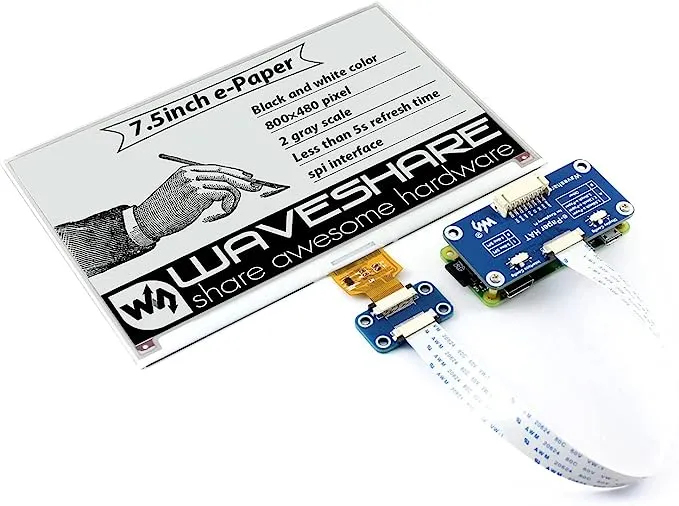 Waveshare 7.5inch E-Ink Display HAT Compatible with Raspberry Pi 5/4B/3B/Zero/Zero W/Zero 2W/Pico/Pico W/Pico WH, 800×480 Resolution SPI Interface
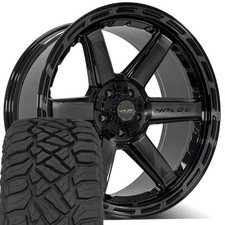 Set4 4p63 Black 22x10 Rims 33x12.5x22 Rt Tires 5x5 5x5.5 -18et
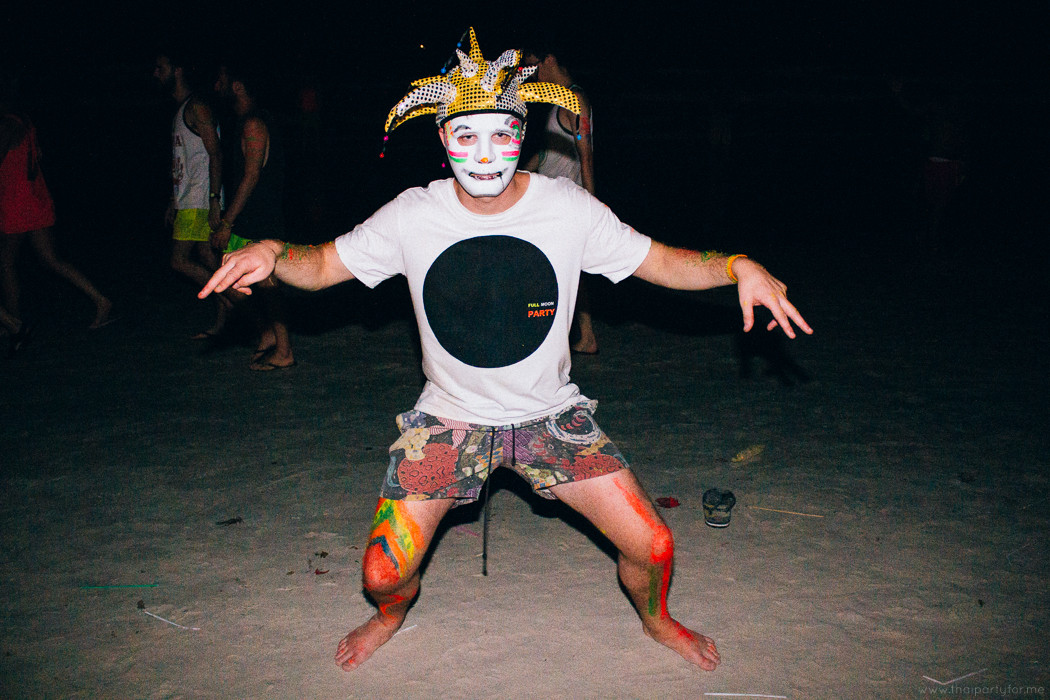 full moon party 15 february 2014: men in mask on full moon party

---------------

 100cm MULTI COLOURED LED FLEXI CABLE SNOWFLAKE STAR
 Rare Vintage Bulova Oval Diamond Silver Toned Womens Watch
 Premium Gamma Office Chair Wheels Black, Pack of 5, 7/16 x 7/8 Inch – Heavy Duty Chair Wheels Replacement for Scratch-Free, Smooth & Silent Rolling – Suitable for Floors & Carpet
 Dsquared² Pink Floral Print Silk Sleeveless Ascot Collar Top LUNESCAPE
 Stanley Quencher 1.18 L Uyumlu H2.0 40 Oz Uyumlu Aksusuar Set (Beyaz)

---------------

## EXERCISE INSTRUCTIONS
Which part of the entries opens with the line containing "Waveshare 7.5inch E-Ink" and closes with the line containing "full moon party 15"? Output that part exactly, ends included, pictures excluded.

## ANSWER FOR THIS EXERCISE
 Waveshare 7.5inch E-Ink Display HAT Compatible with Raspberry Pi 5/4B/3B/Zero/Zero W/Zero 2W/Pico/Pico W/Pico WH, 800×480 Resolution SPI Interface
 Set4 4p63 Black 22x10 Rims 33x12.5x22 Rt Tires 5x5 5x5.5 -18et
 full moon party 15 february 2014: men in mask on full moon party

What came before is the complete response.